Type inhabitation of atomic polymorphism is undecidable

Abstract

Abstract Atomic polymorphism $\mathbf{F_{at}}$ is a restriction of Girard and Reynold’s system $\mathbf{F} $(or $\lambda 2$) which was first introduced in Ferreira [ 2] in the context of a philosophical commentary on predicativism. $\lambda 2$ is a well-known and powerful formal tool for studying polymorphic functional programming languages and formal methods in program specification and development, but its computational power far exceeds the recursive level of interest in applications. Hence, the interest of studying subsystems of $\lambda 2$ with weaker computational power. $\mathbf{F_{at}}$ is defined by restricting instantiation to atomic variables only.

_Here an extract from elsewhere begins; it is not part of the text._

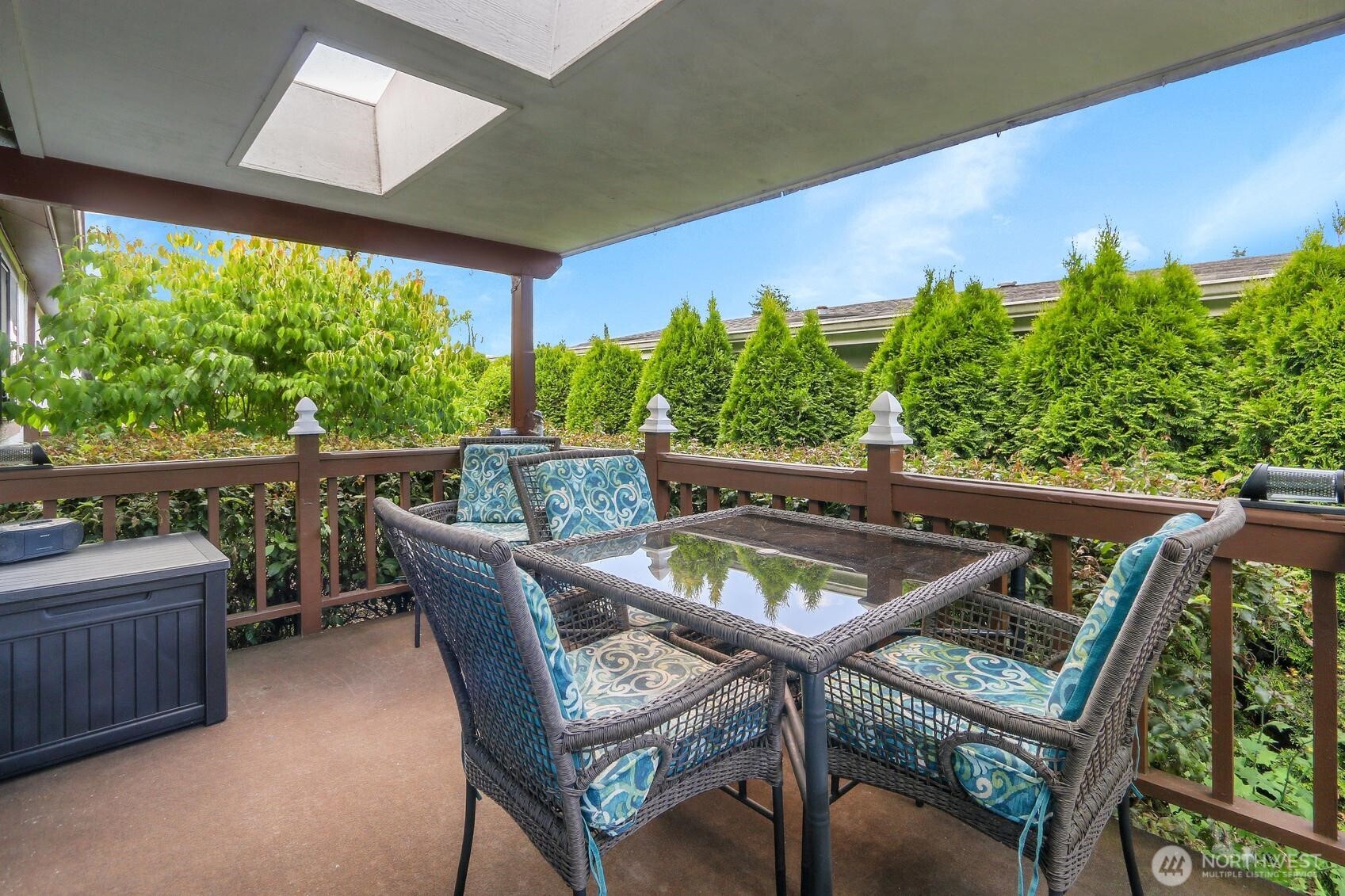 The Slider in Family Rooms leads to this Private & Covered Deck with Skylights!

It turns out that the type system is still sufficiently powerful to possess embeddings of full intuitionistic propositional calculus [ 3, 4], and since the calculus has fewer connectives and strong normalizability is simple to prove [ 3], this result allows us to circumvent many of the extra computational complexities present when dealing with the proof theory of IPC. It is natural to inquire whether type inhabitation, i.e. provability in the corresponding fragment of second-order intuitionistic propositional logic, is decidable or not and in general to see whether the negative results involving the undecidability of type inhabitation, typability and type-checking for $\mathbf{F}$ still hold in this fragment. A further theme would be to study the result of adding type constructors, recursors or even dependent types to $\mathbf{F_{at}}$. In this paper, we show that type inhabitation for $\mathbf{F_{at}}$ is undecidable by codifying within it an undecidable fragment of first-order intuitionistic predicate calculus, adapting and modifying the technique of Urzyczyn’s [ 1, 7] purely syntactic proof of the undecidability of type inhabitation for $\mathbf{F}$.